The world’s other walls
To keep immigrants out, to beat back terrorists, to hold back insurgents: 34 fortified boundaries have been built since 1990, and many European countries have plans on the anvil now.
US-Mexico | 3,360 km (under construction)
* Intended to block the flow of immigrants from Mexico to the United States, the fence has become a major election issue, with Republican candidate Donald Trump vowing to make Mexico pay for its construction. Now spanning 930 km, the barriers focus on areas where immigrants most often passed into the US, using a mix of air surveillance, sensors, cameras and on-ground interdiction.
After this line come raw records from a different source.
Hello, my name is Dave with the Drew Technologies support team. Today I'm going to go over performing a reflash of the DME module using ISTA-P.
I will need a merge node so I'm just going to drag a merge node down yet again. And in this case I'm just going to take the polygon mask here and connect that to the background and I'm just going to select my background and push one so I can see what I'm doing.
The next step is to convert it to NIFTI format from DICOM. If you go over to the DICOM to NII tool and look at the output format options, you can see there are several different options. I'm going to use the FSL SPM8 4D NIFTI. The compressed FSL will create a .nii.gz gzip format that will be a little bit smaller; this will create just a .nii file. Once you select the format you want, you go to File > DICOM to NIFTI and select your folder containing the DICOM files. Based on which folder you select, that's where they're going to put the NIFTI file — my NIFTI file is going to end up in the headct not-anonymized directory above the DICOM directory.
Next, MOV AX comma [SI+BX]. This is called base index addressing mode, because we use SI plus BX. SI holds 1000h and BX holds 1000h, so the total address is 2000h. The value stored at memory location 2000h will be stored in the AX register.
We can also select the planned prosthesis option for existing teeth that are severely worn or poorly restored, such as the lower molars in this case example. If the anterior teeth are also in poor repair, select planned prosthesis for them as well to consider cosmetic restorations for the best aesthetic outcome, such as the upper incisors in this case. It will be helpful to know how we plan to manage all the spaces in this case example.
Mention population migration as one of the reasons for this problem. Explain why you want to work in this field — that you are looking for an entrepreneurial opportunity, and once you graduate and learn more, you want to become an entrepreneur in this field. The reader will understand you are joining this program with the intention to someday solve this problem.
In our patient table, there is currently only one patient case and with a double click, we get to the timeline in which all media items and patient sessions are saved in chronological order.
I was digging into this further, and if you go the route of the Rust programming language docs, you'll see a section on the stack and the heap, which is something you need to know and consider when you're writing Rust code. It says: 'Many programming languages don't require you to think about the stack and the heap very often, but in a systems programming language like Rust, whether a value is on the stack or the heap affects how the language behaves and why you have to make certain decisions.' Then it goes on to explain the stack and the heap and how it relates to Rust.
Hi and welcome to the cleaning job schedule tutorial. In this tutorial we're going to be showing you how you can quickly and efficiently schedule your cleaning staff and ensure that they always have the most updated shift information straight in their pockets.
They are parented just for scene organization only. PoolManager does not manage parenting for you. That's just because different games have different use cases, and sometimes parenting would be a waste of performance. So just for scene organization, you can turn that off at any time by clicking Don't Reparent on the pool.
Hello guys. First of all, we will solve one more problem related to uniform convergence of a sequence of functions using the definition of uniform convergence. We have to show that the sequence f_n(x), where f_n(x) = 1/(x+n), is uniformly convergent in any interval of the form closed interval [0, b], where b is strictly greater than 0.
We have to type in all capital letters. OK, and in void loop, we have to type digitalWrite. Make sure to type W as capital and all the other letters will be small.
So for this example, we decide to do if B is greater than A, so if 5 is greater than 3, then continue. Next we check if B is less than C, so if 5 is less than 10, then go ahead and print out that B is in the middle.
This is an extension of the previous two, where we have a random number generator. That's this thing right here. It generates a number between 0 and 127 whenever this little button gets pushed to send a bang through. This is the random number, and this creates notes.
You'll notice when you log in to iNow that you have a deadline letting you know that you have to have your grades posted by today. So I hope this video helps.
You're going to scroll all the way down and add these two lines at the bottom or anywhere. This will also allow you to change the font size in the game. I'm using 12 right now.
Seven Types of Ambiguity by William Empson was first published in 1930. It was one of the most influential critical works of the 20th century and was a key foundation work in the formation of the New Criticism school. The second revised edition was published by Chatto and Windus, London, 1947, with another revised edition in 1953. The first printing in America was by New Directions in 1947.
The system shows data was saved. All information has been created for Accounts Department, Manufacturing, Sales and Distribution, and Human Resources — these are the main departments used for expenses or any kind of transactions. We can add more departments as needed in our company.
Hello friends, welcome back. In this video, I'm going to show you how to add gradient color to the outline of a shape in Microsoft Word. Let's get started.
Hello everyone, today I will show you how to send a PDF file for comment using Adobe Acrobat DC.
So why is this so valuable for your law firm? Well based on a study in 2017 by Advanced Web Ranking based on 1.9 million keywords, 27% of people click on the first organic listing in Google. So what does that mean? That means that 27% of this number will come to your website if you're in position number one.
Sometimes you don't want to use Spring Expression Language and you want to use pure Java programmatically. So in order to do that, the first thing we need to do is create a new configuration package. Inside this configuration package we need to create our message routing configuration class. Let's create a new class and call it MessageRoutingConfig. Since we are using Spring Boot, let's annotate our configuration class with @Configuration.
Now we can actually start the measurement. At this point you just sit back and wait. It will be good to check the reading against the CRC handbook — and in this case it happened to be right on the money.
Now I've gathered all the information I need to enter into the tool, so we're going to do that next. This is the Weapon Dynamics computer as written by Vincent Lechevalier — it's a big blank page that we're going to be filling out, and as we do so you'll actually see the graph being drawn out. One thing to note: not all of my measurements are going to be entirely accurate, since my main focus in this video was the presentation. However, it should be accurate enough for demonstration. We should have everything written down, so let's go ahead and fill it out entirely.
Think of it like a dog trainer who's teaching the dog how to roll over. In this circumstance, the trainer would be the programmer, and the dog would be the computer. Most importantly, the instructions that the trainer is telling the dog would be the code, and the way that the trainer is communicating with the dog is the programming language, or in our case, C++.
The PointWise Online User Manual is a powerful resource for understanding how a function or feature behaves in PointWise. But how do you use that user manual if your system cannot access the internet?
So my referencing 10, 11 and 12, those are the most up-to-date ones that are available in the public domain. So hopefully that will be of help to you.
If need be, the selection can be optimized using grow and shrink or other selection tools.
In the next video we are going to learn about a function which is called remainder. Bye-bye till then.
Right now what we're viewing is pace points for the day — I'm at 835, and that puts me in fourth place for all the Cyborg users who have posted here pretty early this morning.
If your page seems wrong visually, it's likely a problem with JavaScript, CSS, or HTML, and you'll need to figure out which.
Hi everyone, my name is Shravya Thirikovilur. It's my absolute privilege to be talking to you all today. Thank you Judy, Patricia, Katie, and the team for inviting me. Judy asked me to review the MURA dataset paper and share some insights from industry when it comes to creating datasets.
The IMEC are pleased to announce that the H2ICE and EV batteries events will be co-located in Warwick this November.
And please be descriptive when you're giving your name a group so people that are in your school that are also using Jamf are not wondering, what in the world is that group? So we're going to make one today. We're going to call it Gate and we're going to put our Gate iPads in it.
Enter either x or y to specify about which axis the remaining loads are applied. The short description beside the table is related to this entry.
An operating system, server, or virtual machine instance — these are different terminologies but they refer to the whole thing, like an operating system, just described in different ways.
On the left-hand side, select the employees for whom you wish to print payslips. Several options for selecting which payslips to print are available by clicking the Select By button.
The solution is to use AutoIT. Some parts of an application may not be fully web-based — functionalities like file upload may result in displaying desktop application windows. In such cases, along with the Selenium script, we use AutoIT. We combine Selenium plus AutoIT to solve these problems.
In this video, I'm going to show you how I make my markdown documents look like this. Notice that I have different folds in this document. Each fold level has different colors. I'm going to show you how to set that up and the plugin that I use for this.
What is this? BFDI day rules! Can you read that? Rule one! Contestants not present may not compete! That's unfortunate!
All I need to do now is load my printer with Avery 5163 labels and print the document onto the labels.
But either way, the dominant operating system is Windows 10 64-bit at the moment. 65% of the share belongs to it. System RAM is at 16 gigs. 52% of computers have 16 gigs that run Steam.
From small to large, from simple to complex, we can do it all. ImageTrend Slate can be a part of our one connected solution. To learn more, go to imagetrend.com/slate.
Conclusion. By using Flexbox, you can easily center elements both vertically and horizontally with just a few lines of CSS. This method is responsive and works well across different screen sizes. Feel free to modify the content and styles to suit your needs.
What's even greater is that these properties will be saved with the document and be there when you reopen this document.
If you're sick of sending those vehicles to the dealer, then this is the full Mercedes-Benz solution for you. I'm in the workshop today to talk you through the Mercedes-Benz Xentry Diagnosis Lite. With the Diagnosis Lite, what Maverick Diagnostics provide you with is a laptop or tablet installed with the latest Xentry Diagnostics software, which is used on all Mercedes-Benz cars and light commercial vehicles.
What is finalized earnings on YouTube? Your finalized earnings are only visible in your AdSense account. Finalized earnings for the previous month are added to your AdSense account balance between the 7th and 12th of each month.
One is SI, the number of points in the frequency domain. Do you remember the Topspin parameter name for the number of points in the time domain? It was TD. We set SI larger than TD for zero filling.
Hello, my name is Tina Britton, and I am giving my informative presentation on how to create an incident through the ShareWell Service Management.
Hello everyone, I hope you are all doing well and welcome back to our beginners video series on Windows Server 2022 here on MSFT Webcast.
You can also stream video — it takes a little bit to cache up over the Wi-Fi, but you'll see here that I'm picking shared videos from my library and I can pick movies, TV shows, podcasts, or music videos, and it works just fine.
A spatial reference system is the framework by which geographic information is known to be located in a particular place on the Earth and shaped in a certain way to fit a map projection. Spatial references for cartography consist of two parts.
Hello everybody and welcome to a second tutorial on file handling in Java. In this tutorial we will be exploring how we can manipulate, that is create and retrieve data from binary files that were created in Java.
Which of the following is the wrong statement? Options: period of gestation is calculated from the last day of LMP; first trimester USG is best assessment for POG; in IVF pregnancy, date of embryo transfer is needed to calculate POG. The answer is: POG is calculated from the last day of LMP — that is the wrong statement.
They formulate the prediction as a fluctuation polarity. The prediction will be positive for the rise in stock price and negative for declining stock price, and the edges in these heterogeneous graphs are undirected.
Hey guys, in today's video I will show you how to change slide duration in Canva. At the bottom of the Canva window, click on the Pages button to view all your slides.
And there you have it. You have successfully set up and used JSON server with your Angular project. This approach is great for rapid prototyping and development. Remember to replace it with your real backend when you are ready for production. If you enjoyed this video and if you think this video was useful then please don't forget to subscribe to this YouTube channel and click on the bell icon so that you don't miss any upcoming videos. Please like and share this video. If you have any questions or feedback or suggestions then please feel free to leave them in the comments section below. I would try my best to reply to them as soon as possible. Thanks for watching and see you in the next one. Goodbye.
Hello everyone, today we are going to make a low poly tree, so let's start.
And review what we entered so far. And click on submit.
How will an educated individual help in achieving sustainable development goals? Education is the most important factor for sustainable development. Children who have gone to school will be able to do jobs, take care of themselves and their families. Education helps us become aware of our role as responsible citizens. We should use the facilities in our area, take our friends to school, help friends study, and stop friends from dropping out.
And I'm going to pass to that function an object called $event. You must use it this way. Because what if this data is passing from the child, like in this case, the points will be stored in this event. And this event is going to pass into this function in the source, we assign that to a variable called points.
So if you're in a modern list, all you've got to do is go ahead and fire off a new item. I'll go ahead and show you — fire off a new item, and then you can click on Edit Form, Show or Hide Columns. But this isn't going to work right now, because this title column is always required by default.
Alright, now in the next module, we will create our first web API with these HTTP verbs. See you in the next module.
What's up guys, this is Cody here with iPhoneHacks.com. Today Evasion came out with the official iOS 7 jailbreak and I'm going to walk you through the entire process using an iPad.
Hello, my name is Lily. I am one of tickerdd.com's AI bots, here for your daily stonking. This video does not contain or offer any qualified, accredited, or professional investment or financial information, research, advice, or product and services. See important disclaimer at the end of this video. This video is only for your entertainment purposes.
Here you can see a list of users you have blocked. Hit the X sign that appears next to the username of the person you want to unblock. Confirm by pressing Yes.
The barriers have seen a sharp drop in the numbers of illegal immigrants arrested, which authorities claim as evidence of their success.
Western Sahara Berm | 2,700 km
* The Berm, or sand wall, runs through the Western Sahara and southeastern Morocco, separating the Moroccan-controlled southern provinces and the Polisario-controlled Sahrawi Arab Democratic Republic. Its purpose was to keep out Polisario insurgents from Moroccan-controlled territory. The Berm consists of sand and stone walls about 3 metres high, with cobra-wire fences throughout. There are guardposts and bunkers every few kilometres, while artillery posts and airfields line the Moroccan-controlled side.
Iran-Pakistan | 700 km
* Intended as a counter-narcotics and counter-terrorism barrier, the Iran-Pakistan fence is a 100 cm thick, 3-m-high concrete wall, fortified with steel rods, running the length of the frontier from Taftan to Mand. The project includes large earth and stone embankments as well as deep ditches to deter illegal crossings and drug smuggling into Iran. The border region is dotted with police observation towers and fortress-style garrisons for troops. Baloch nationalists have opposed the fence, saying it will further divide the ethnic group, who live on both sides of the border.
Israel-Gaza | 60 km
* Touted as the most sophisticated counter-terrorism fence in the world, the Israel-Gaza barrier was built in 1994—and again in 2000, after being demolished by Palestinians—in response to suicide attacks and arms smuggling by terrorist groups. The fence uses physical means, as well as an array of electronic surveillance means, to restrict the movement of would-be attackers and weapons. However, terrorists responded to its construction by using rockets and mortar, forcing the Israeli army to intervene in Gaza—the outcome the fence was meant to avoid. Terrorists also burrowed tunnels under the fence, which Israel is now seeking to counter by building underground walls.